Great modern, pop horror/comedy flick that entertains! Part Two resembles a lot more the 70s than Part 1 does the 90s. I guess cinema (technologically) evolves and it can’t really reenact the past. The vintage look seems to be just… gone. But then the atmosphere cannot fully be accurate either. Most likely, because very few from the cast and crew were alive or old enough to remember how people were talking or acting. There are film archives and means to find out but, as of yet, it seems that this accuracy will always be missing. I guess yet another reason will always the consideration of the audience. If it was ‘too 70s’ who would watch it?! Netflix seems to have established a particular audience already. It may be socially diverse but otherwise it looks quite narrowed down. Just in case you feel like casting stones, I have already surfaced and will keep surfacing exceptions that are shock to the system – especially its documentaries.

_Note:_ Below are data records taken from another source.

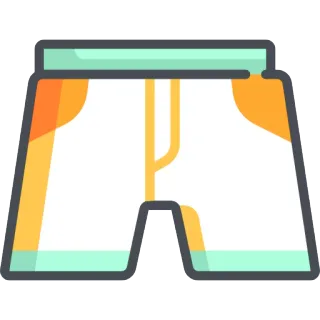 Summer Vacation @stickersb2b telegram stickers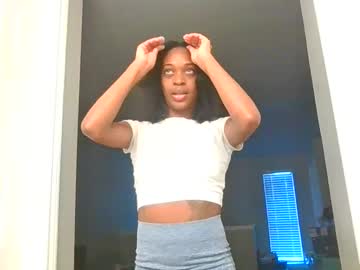 Princessslim225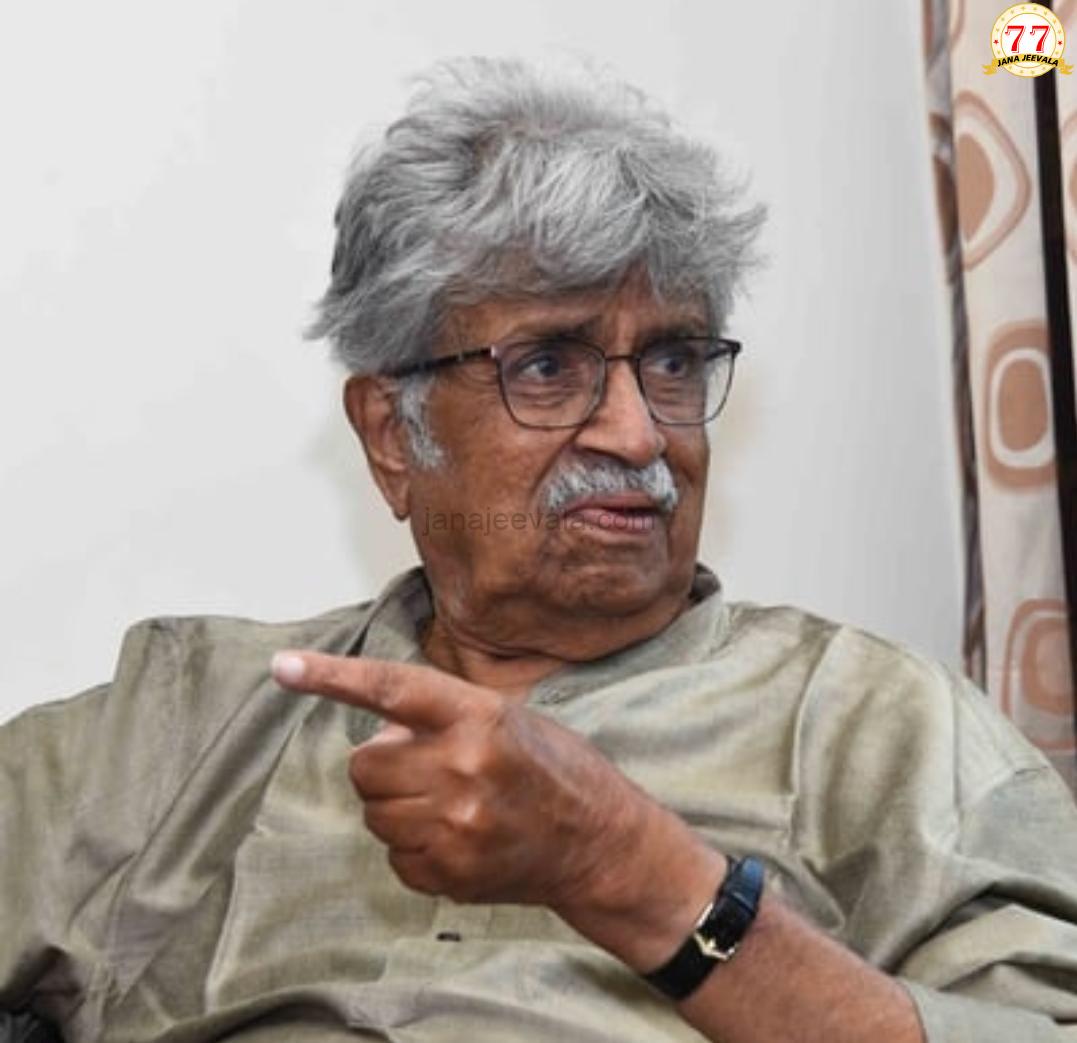 ಸಂಗೀತ ಲೋಕದ ದಿಗ್ಗಜ ಅಸ್ತಂಗತ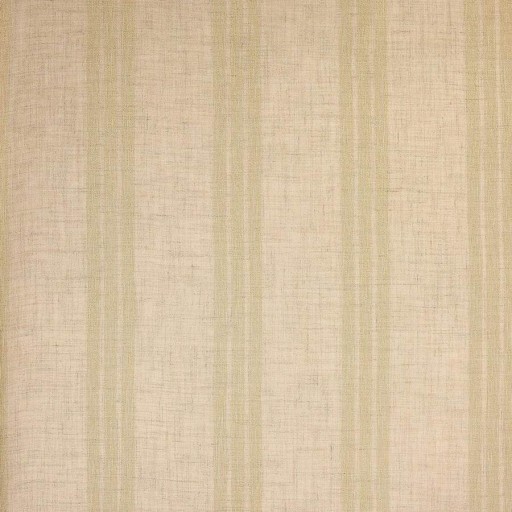 Ткань Larsen fabric Carlo L9249-01 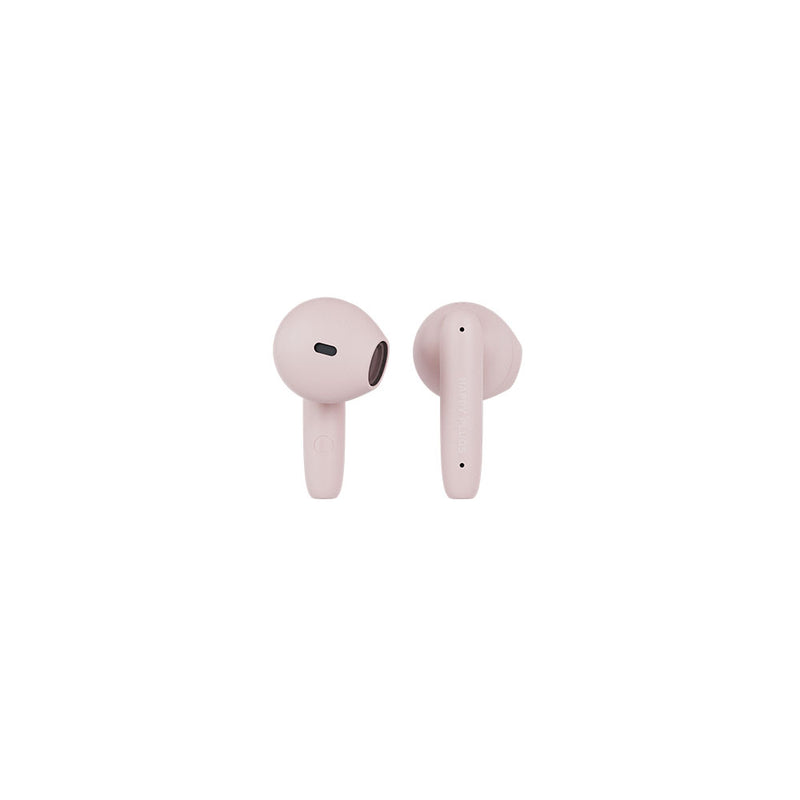 Happy Plugs Joy Lite - Pink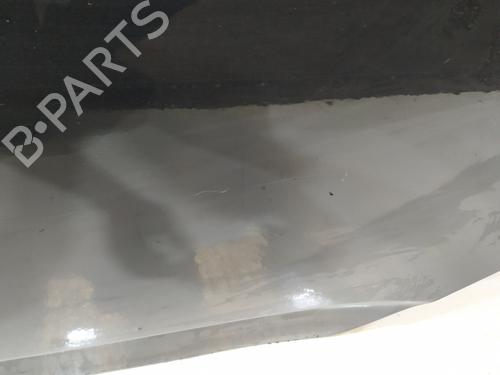 Left rear door BMW X3 (E83) xDrive 30 d | BP17229898C4 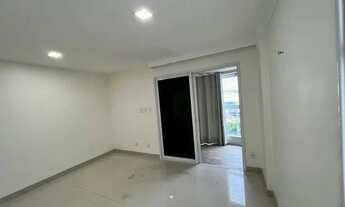 Imagem 4: Mansão Jardins Residence !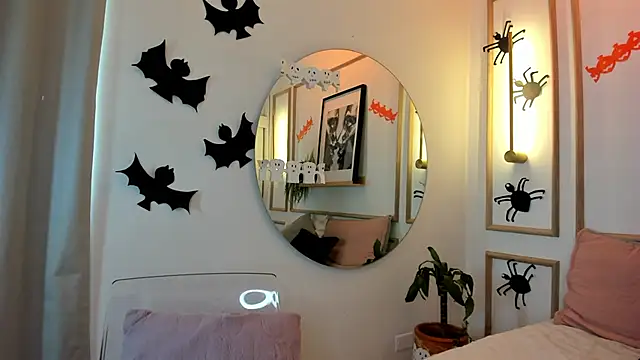 Ashley Monroe online show from October 2025 12:06:02 PM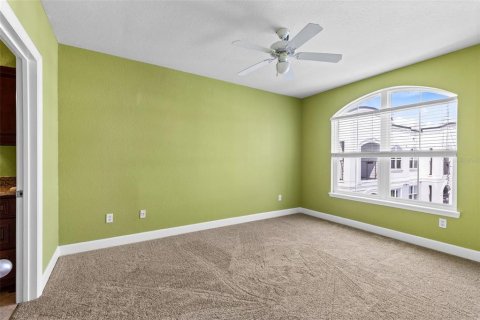 Copropriété à vendre à Orlando, Floride: 2 chambres, 103.59 m2 № 2108125 - photo 13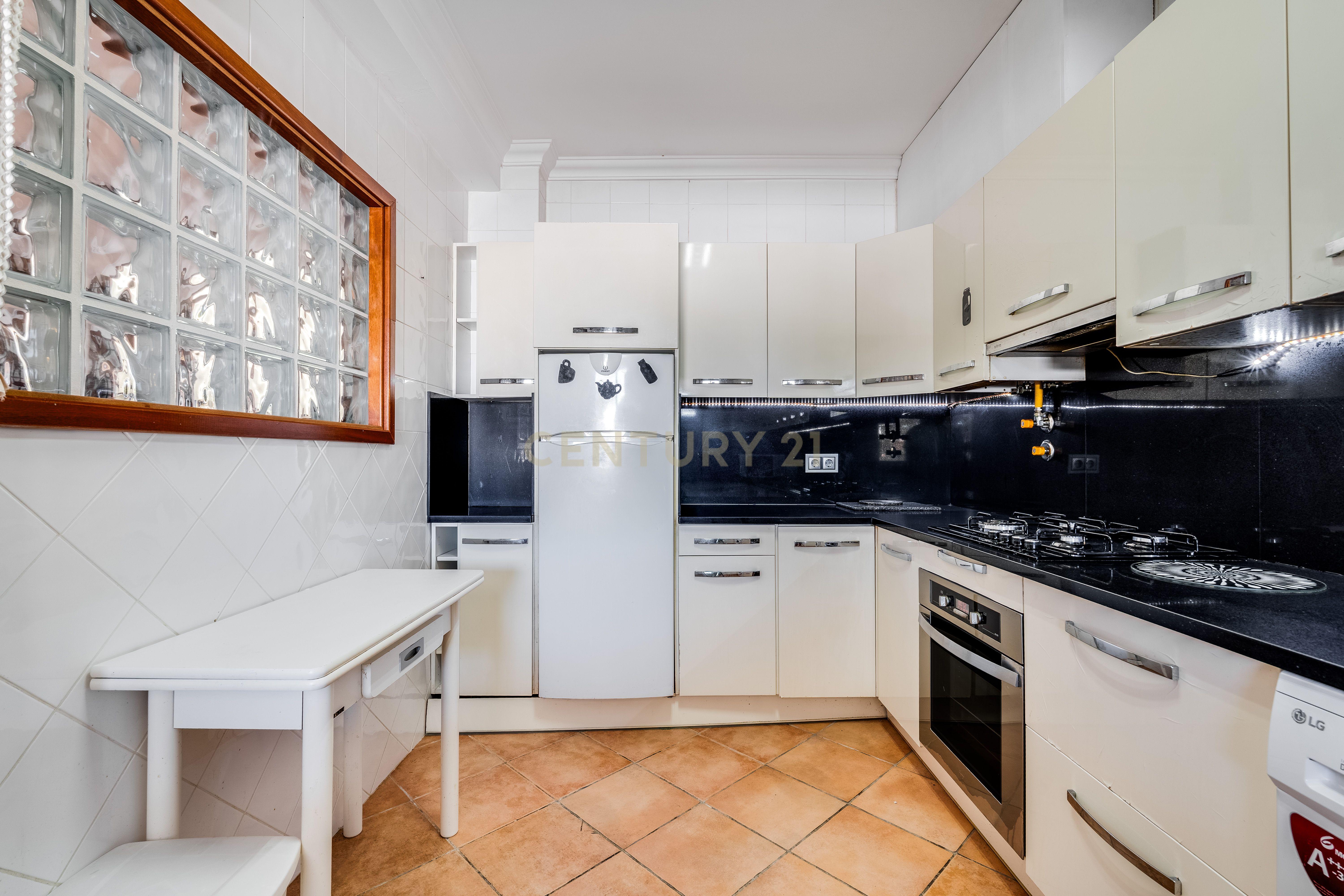 Moradia T2 à venda em Albufeira e Olhos de Água, Albufeira — foto 6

Focusing more on the film, as I kind of mentioned above, Part Two is entertainingly brutal! McCabe Sly makes a decent possessed/psycho ‘axe-man’ and Saddie Sink and Emily Rudd great on-screen sisters that face their personal demons way before the ‘axe-man’ starts taking heads off and everyone starts running amok. Overall, the sub-plot smoothly permeates the plot and both of them patiently escalate and lead to climax. The references to Stephen King (and ‘Shining’, for whoever got it), Friday the 13th series, and a couple of more that I cannot reveal, indicate the hard work that the crew has put into it to give us a good-feel, ‘throwback-style’ horror. Indicative, composers Marco Beltrami and Brandon Roberts have done an excellent job with the soundtrack, paying a great tribute to the one and only Jerry Goldsmith.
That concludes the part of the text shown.